“My name is #1001, and I am not ready to die.” I’d only just begun to live.
When Captain Caleb Shepperd is released from prison, all he wants to do is keep his head down and earn a living smuggling illegal cargo through the nine systems. So when a synth stows away on his ship, and brings with her a crap-ton of problems, including guilt-ridden secrets he thought he’d escaped, he’d prefer to toss her out the airlock. The problem is, she’s priceless tech, and he’s fresh out of credit.
#1001 is not meant to exist. Created for a single purpose, she has one simple order: to kill. But not everything is as it seems. Buried deep inside, she remembers… Remembers when she was human. And she remembers what Shepperd did to her. She’s not ready to die, but she is ready to kill.
This is a competently written book, but that’s about all the positives I have to say. It feels very pieced together of things an author thinks readers want. It’s got an anti-hero who’s supposed to be secretly noble, smart-mouthed female pilots, big-eyed innocent damsel who doesn’t need rescue, but still fill the role, etc. etc. etc.
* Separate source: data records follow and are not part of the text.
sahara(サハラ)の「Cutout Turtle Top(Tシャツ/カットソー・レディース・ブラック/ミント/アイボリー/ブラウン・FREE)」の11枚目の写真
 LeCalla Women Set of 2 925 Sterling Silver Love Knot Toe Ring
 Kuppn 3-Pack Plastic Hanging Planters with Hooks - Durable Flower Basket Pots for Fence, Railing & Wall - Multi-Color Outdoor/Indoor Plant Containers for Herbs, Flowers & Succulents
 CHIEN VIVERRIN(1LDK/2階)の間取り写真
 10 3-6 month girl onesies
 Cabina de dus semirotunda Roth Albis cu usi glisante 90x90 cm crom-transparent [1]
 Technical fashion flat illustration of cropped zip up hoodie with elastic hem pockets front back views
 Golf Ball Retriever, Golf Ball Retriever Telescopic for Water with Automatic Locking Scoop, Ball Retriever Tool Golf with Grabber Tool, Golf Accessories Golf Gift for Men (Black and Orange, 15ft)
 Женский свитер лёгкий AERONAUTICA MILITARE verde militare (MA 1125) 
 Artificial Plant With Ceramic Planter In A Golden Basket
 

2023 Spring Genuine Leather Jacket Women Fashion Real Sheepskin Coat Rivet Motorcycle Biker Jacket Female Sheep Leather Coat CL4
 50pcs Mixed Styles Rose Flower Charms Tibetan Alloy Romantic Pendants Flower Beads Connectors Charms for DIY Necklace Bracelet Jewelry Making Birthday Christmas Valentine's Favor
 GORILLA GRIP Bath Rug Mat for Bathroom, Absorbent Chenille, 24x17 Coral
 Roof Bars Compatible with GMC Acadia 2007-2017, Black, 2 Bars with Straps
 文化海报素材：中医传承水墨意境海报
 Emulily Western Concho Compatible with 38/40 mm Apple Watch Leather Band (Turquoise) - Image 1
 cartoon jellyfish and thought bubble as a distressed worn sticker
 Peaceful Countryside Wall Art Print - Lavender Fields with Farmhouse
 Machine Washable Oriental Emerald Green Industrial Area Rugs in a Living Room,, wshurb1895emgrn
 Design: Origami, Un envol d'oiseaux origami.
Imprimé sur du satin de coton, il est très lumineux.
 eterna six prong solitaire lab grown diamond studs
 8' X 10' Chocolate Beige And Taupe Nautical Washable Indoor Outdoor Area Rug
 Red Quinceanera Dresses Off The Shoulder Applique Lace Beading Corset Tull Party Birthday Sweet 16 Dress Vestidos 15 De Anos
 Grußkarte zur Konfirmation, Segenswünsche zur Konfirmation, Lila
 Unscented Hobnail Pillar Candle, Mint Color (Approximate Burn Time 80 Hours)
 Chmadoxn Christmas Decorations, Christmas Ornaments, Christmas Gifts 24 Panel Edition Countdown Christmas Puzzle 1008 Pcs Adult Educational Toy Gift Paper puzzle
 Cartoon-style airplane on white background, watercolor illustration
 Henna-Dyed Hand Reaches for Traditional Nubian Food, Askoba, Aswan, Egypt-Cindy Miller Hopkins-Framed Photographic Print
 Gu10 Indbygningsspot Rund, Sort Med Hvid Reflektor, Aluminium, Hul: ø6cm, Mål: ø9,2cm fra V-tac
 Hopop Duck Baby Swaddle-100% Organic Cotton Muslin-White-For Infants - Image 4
The problem is that none of them are even a little likeable. The ‘hero’ is constantly checking out his employee who has been very clear she wants things to stay platonic. He bemoans how she has sex with everyone but him several times. This male idea that ‘if a woman is sexually available to anyone they should be available to me’ needs to be shot into the sun to die and I 100% never want to see it in my heroes! He also goes literally brainless if a woman pays him any attention, agrees to anything, etc. I get that the author was trying to play up his tragic past and how desperate he is (sex being a retreat from his problems), but he literally just felt obsessively controlled by his dick. If there had been enough depth in the book to address sex addiction or something, I might not have minded. But it was just sloppy writing and he just felt like a douchebag.
The syth was bland and the pilot a cardboard cutout (that’s it for the female cast, other than a whore with a heart of gold). If there is going to be a romance angle to the overarching plot with one of them, I still can’t tell you who the female partner will be (or if it’ll be a poly relationship), which is annoying.
All in all, not a winner for me. I’ve like others of DaCosta’s series. But I’ll pass on more of this one. The narrator did a fine job though.